On Wed, 23 Mar 2016 16:24:12 +0100
Jonas Schnelli via bitcoin-dev <bitcoin-dev@lists.linuxfoundation.org>
wrote:
> Hi
> 
> I have just PRed a draft version of two BIPs I recently wrote.
> https://github.com/bitcoin/bips/pull/362
> 
> Two BIPs that addresses the problem of decoupling wallets/clients from
> nodes while assuming a user (or a group) know the remote peer.
> 
> Authentication would be necessary to selective allow bloom filtering
> of transactions, encryption or any other node service that might lead
> to fingerprinting or resource attacks. Authentication would also be a
> pre-requirement for certificate free encryption-handshakes that is
> (enough?) resistant to MITM attacks.
> 
> Encryption is highly recommended if you connect a SPV node to a
> trusted node.
> 
> Authentication would allow accessing private p2p extensions from a
> remote SPV peer (example: fee estimation).
> 
> I'm aware of other methods to increase privacy and integrity (tor,
> VPN, stunnel, etc.), however I think authentication and a basic
> communication encryption should be part of the protocol and its setup
> should be complete hassle-free.
> 
> Thanks for your feeback.
> 
> /jonas
> 

- The motivation sections seem weak. Why not use SSH? It would have
  similar setup requirements, and is already a deployed solution. If
  there are additional setup simplicities (compared to SSH),
  consider listing them. And if one of the motivating factors is
  complexity reduction from the various "do everything you could
  possible want" protocols/implementations, then add this to the
  motivation.
- ECDSA and "ec pubkey" are mentioned, but not the specific curve.

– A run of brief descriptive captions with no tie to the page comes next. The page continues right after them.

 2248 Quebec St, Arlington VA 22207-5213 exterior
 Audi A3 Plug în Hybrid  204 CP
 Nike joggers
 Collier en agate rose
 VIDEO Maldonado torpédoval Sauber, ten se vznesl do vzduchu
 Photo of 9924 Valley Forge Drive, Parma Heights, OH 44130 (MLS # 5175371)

- The hash algorithm for ECDSA is not explicitly mentioned.
- There is no way to change the cryptographic primitives being used or
  to update to a new protocol version. Would it be done with a new
  message type `auth2` ... ?
- The following seems to be contradictory:

> If the responding peer could not lookup the requesting peer's
> identity-pubkey in the local authorized-peers database or if the
> responding peer could not verify the signature, the requested auth
> message must be ignored to avoid fingerprinting of peers with
> authentication support.
>
> Responding peers must ignore (banning would lead to fingerprinting)
> the requesting peer after 5 unsuccessfully authentication tries to
> avoid resource attacks.

  If I connect to a peer, send 5 auth messages followed by another type
  of message that gets no response, this could indicate auth support.

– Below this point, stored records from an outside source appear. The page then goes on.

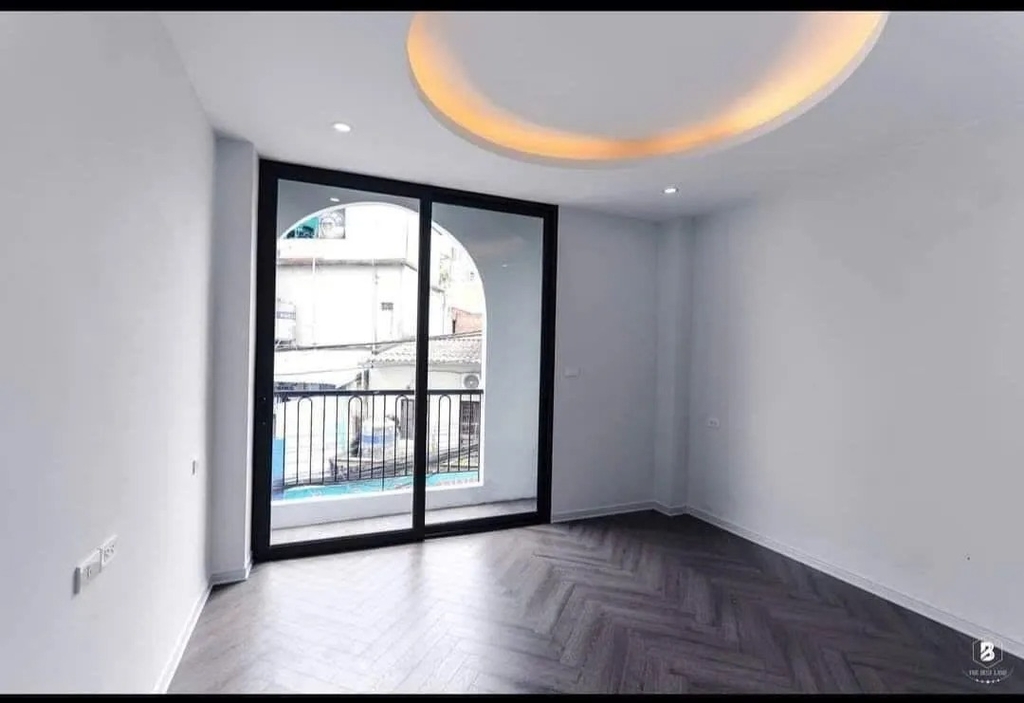 SIÊU PHẨM 7 TẦNG THANG MÁY HOÀNG NGÂN CẦU GIẤY - PHƯỜNG TRUNG HÒA - KINH DOANH VĂN PHÒNG - MỚI ĐẸP - 26.8 TỶ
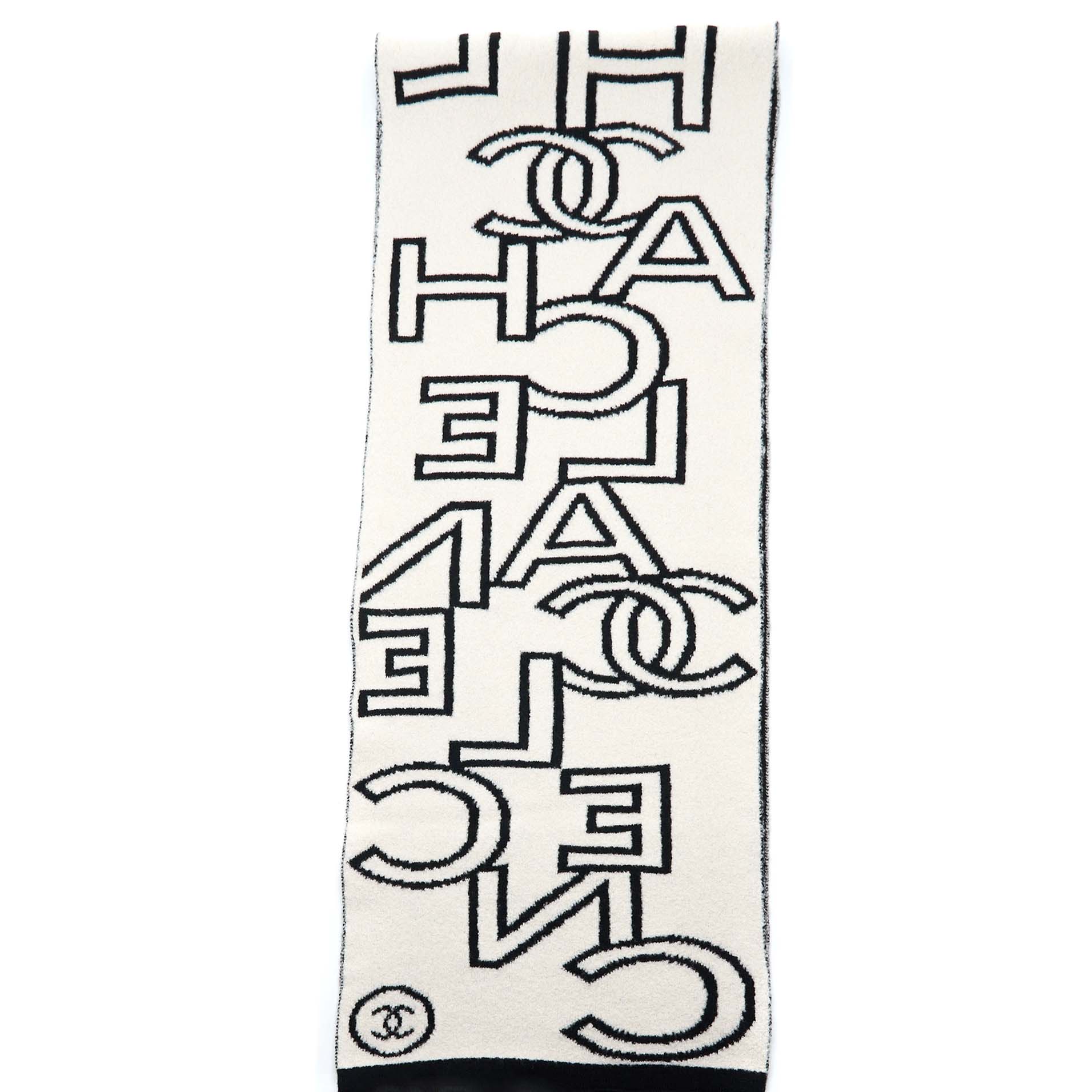 Chanel Double Side Letter/CC Scarf Wool/Cashmere Black/White
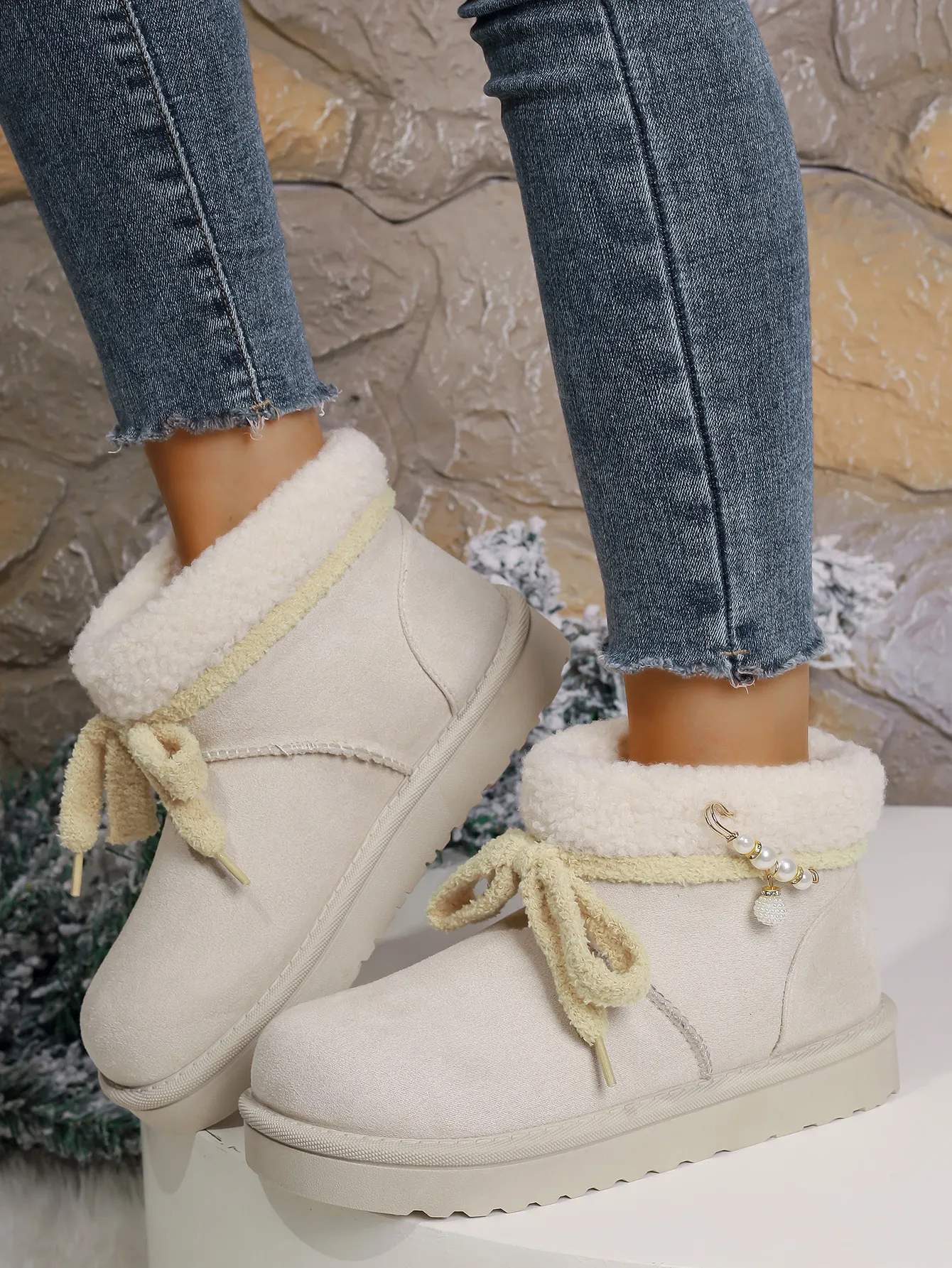 new Free Delivery Designer Woman Cotton Comfortable Snow With Short Sleeves And Plush Outdoor Winter Boots_voghion.com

  Or is this supposed to say ignore further auth messages, but not
  other types of messages? The wording seems to suggest an ignore-all.

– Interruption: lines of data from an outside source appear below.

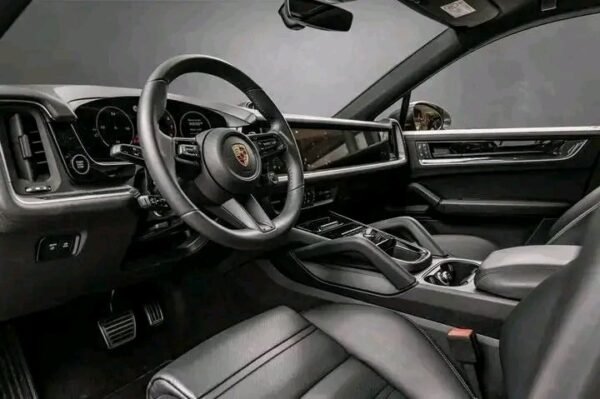 Porsche Cayenne Coupe S E-Hybrid – Image 2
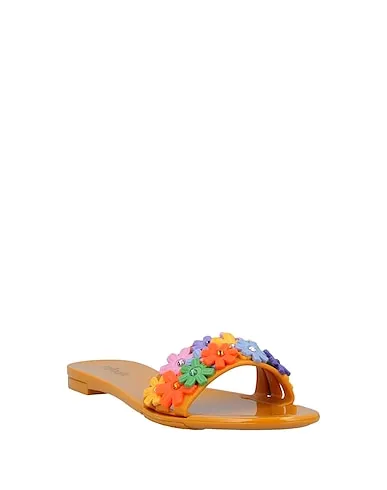 https://images.styletyx.com/images/ocher-sandals-menghi-613344_2.webp
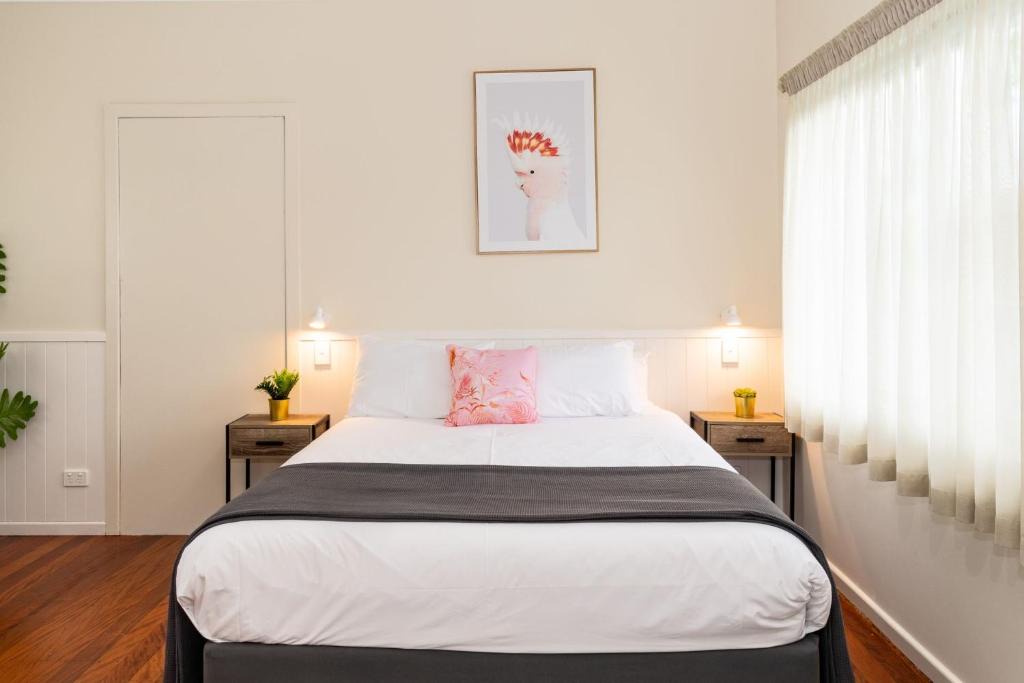 Forster Hotel | Pacific Motel 08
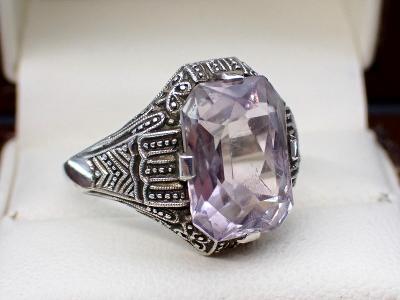 Stříbrný Art deco prsten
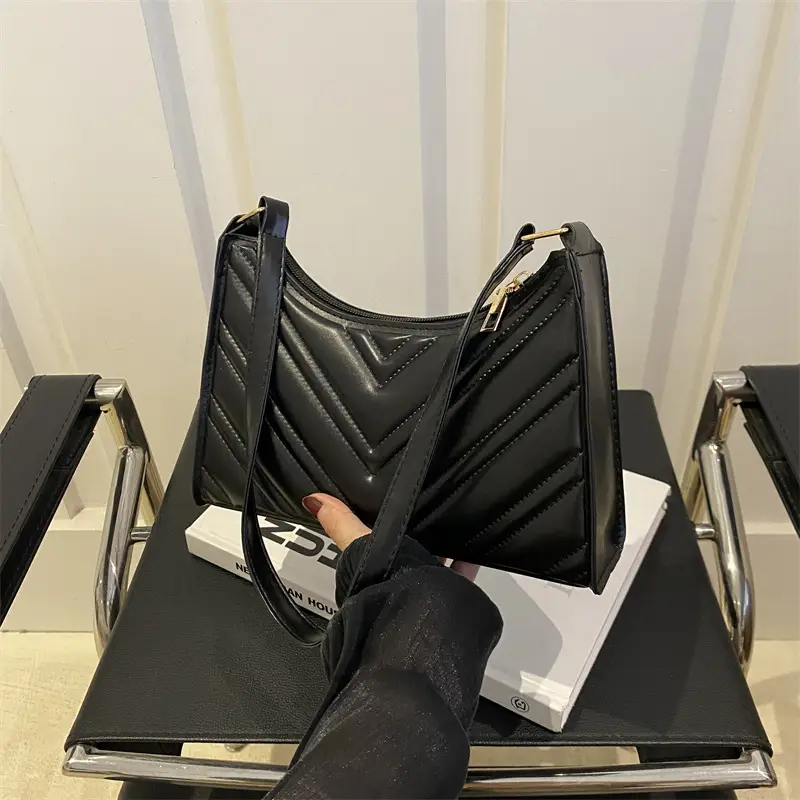 2024 Rhombus Bag for Women Black Chain Shoulder - Image 6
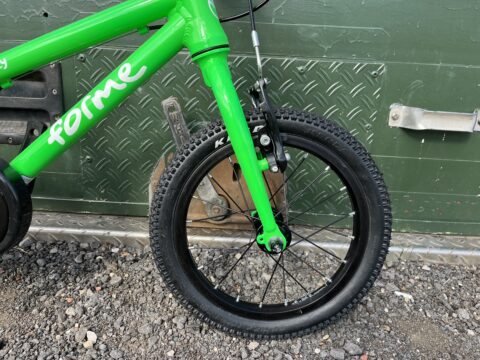 Forme Cubley 14" Kids Bike - Green – GRADE B for sale in Yorkshire and The Humber by Club Bikes on SHIFTA marketplace. Top quality second-hand bikes online.
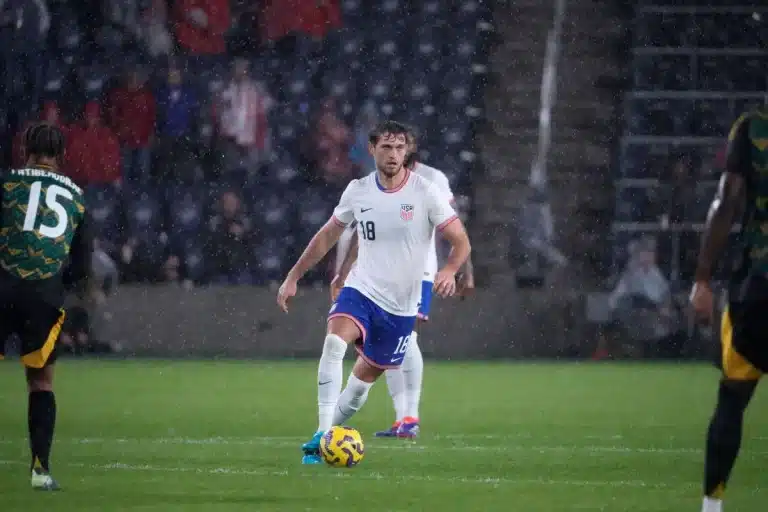 Tanner Tessmann sous le maillot des Etats-Unis @Alamy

- The pubkey from the requester is sent in cleartext, which can be used
  as an identifier across connections (similar to a MAC, except it can
  be seen across every network hop and correlated across connection
  types). Hiding this will likely require encryption, and the protocol
  will start to look similar to CurveCP. If the additional complexity
  is not worth fixing this issue, a section in the encryption BIP
  should be added to explain the identifier leakage.
- The known-peers has an IP and port section. Should the requester limit
  signatures based on this information? This algorithm or process needs
  to be better defined than the vague paragraph about verifying the
  integrity of the remote peer; if an implementation uses the
  any-one-of server approach the known-peers file becomes more like a
  SSL CA list, which does not seem like the intent. However, the example
  at the bottom says "Requesting peer does a lookup of (F) in
  known-peers database (B)".
- The encryption portion does not mention the pubkey pairs in use for
  ECDH (this needs to be described), so I am assuming the pairs from
  authentication are re-used. This increases the chances of data
  exposure since a single botched k selection (re-use) for ECDSA would
  allow for forged authentications, and the decryption of all
  historical data. Adding a temporary key exchange would add slight
  complexity and one RTT from the requesters perspective, but it
  provides forward-secrecy and protection against ECDSA implementation
  failures.
- Can the responding peer set a different cipher in the `ecinit`
  response, or should/must it be the same?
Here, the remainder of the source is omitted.